Las fotos recogen todo lo ocurrido en cuanto el árbitro puso el final a la más reciente visita del Real Madrid. En la jornada 38 de la temporada 2015-2016. El Deportivo había cerrado la permanencia una semana antes en Villarreal. «El partido en sí no fue gran cosa para nosotros porque recibimos dos goles muy pronto, aunque poco a poco fuimos ganando confianza. Pero sabes qué pasa, que yo me divertí. Yo me lo pasé realmente bien -afirma, con tono alegre, Pletikosa-. No solo al final, sino durante todo el encuentro. Ellos atacaban y yo los veía llegar y paraba todo lo que podía, y veía a mi lado a Manuel Pablo, una institución para el equipo, un referente para mí, y al Dépor, que estaba salvado, y yo disfrutaba».

El meta realizó varias intervenciones de mérito que no alcanzaron para frenar al rival. Cristiano firmó un doblete inocuo porque la Liga se la llevó el Barça, que goleó al Granada. En su otro encuentro con los coruñeses, al portero croata le hicieron cuatro en San Mamés. «Cualquiera podría pensar que disputar solo dos partidos en media temporada sería una experiencia frustrante, pero desde luego no lo fue para mí. Todo lo contrario, fue una experiencia reconfortante, como deportista y como ser humano. Se lo repito a todo el mundo. Fue increíble», reflexiona.
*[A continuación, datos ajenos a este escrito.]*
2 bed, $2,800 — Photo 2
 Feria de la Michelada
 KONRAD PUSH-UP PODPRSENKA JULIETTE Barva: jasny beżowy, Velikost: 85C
«De aquel día me sorprendió todo. Todo. Yo había pasado solo cuatro o cinco meses con aquellos jugadores, mis compañeros, y de repente me estaban lanzando al aire, manteándome. Y la gente gritando mi nombre en la grada. Y mi hijo paseando a mi lado por el campo compartiendo el momento -rememora-. Cómo no se va a emocionar uno con algo así. Cómo no querer ya para siempre a esos compañeros, a esos hinchas, a esa ciudad y a ese club». Un conjunto al que sigue a distancia y sobre el que habla con Borges y Manu Sotelo.

El hijo, delantero, «por fortuna»

En Split, Pletikosa estudia el curso de entrenador, aunque sin intención de ejercer. Tiene tres buenos amigos, exfutbolistas también (Igor Tudor, Leko y Juric) que sí lo son. «Los veo y pienso en lo duro que es ser entrenador en estos días. No es para mí, al menos, no de momento», sostiene. Su hijo, Franko, que salió de Riazor el 14 de mayo del 2016 con las camisetas de Modric y Bale bajo el brazo y la barbilla aún temblando, tiene siete años pero ya ha empezado a jugar. «Por ahora, de delantero. Probó en la portería y decidió que prefería ser jugador de campo, por fortuna. Yo también prefiero eso. Le dije, ‘‘mira, si no quieres que te echen la culpa de todo, mejor no juegues de portero’’», bromea el exintercional croata.

Lo importante para Pletikosa es que el crío viva el fútbol como él: «Nunca he entendido a los jugadores que solo ven en esto una profesión. Yo creo en involucrarme emocionalmente con el equipo en el que estoy y eso puede explicar mejor cómo me sentí en esa despedida. Lo agradecido que estaré a toda la gente del Dépor hasta que me muera».